Dataset items
════════

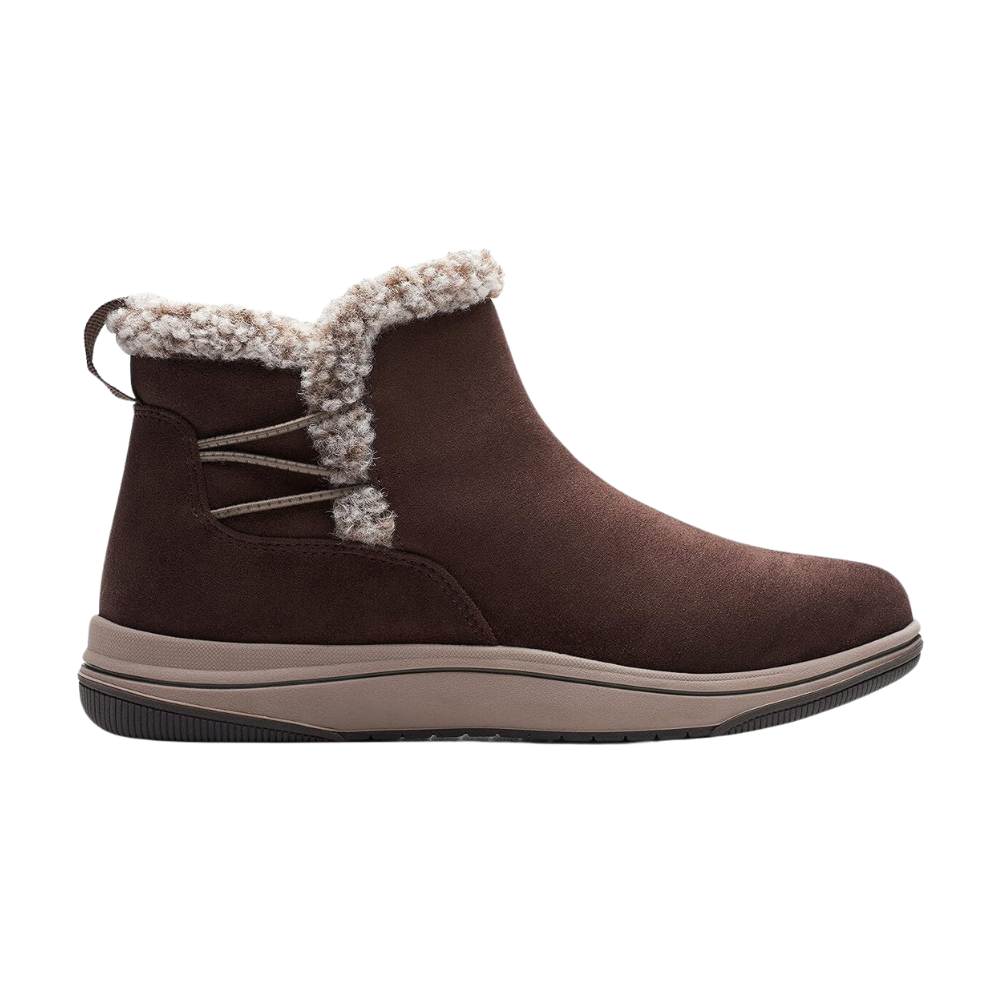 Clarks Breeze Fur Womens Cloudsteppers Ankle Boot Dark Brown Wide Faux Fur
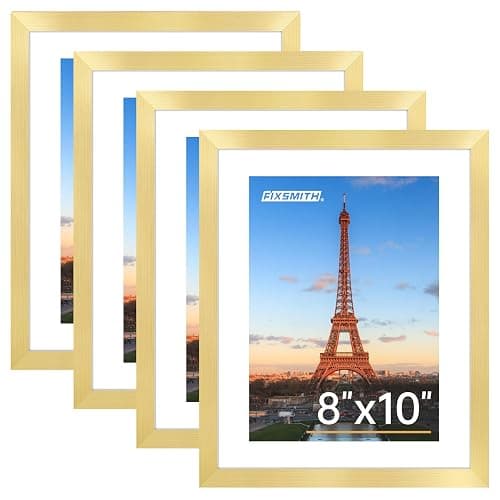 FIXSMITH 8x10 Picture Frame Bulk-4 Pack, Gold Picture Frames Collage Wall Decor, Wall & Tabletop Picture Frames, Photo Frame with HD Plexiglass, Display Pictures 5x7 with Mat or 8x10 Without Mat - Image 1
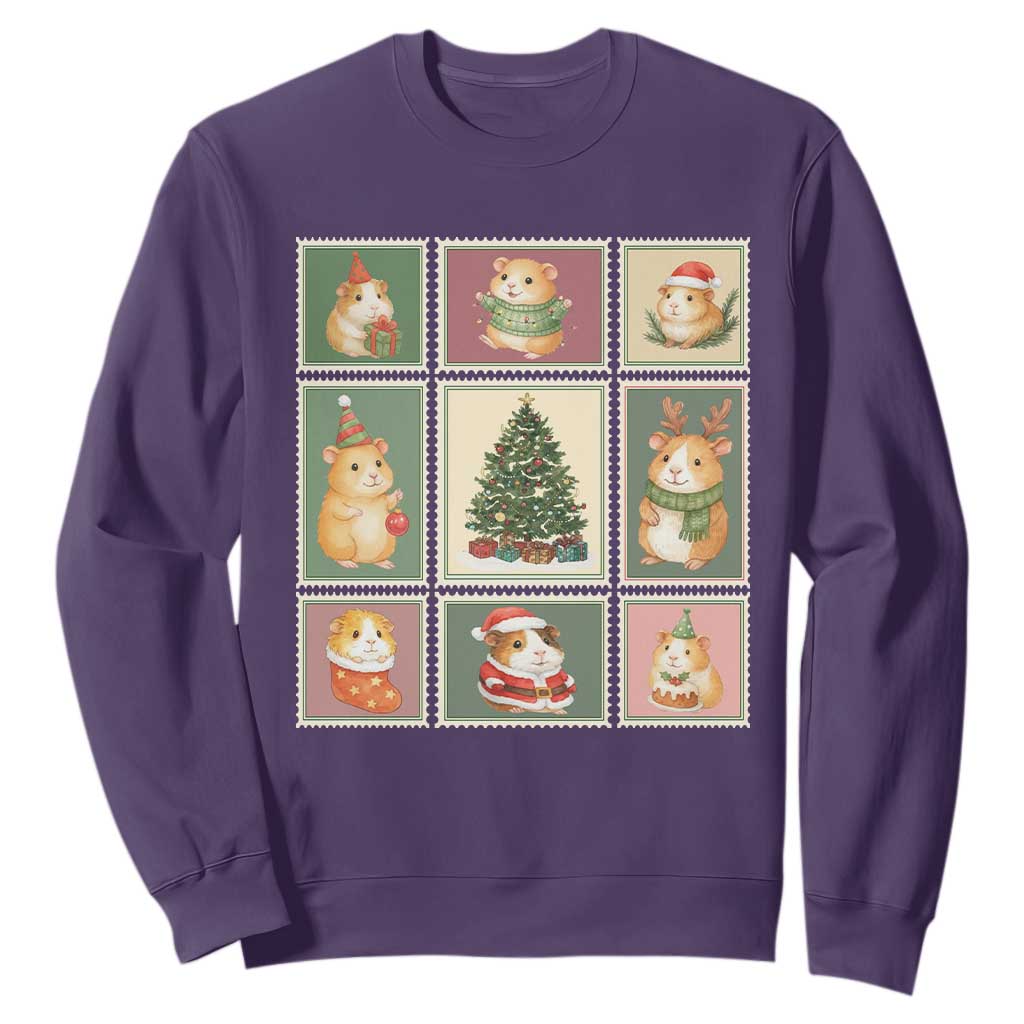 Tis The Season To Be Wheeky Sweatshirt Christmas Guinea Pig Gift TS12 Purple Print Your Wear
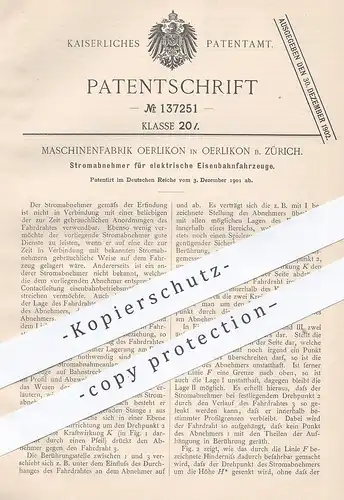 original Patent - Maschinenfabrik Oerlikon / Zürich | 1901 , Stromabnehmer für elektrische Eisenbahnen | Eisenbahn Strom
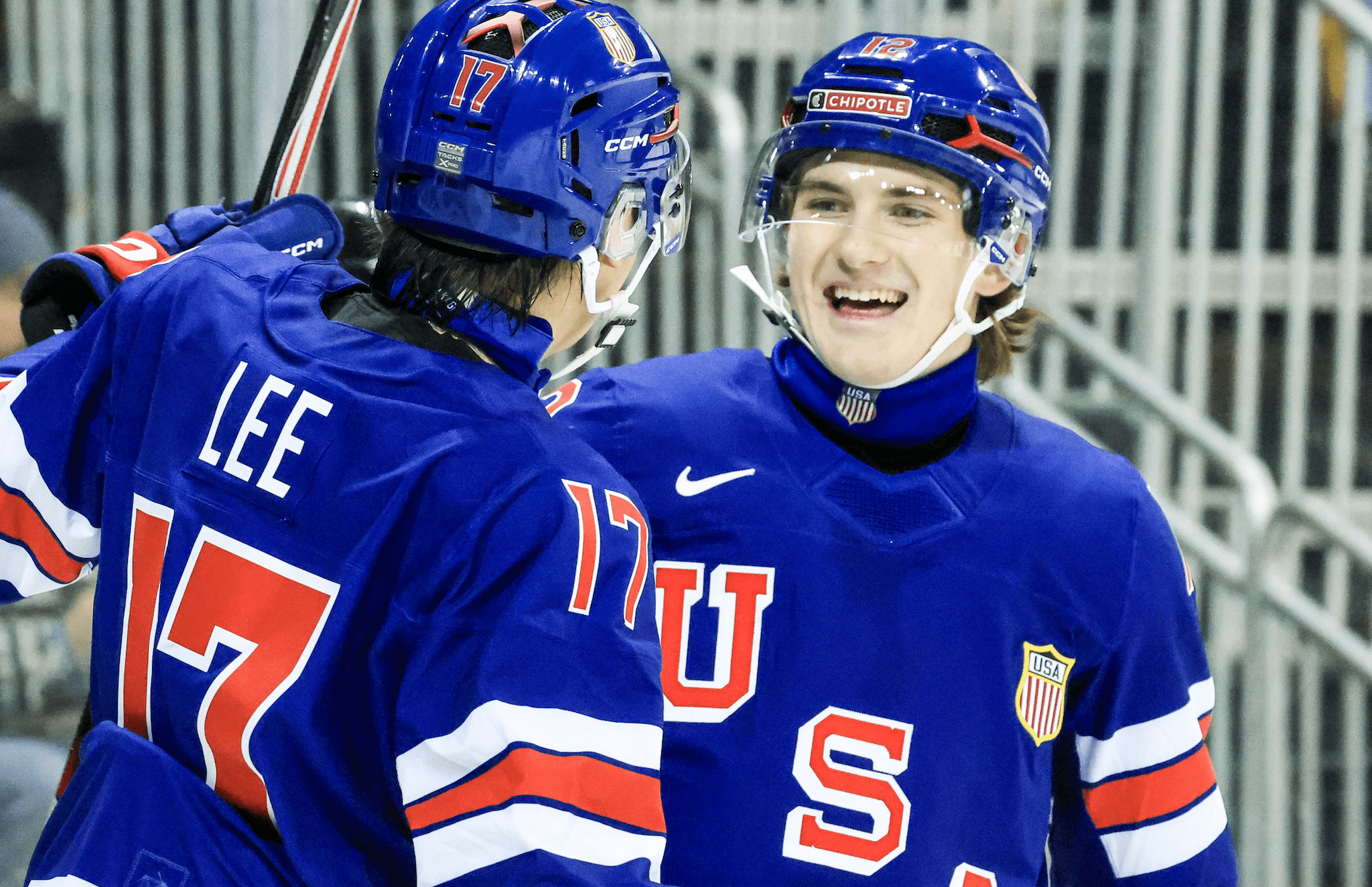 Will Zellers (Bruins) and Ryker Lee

════════

WHAT IS BEING ASKED: Retype the lines exactly as they appear, beginning with the line that contains "FIXSMITH 8x10 Picture" and ending with the final line of the entries, and omit the pictures.

YOUR RESPONSE:
 FIXSMITH 8x10 Picture Frame Bulk-4 Pack, Gold Picture Frames Collage Wall Decor, Wall & Tabletop Picture Frames, Photo Frame with HD Plexiglass, Display Pictures 5x7 with Mat or 8x10 Without Mat - Image 1
 Tis The Season To Be Wheeky Sweatshirt Christmas Guinea Pig Gift TS12 Purple Print Your Wear
 original Patent - Maschinenfabrik Oerlikon / Zürich | 1901 , Stromabnehmer für elektrische Eisenbahnen | Eisenbahn Strom
 Will Zellers (Bruins) and Ryker Lee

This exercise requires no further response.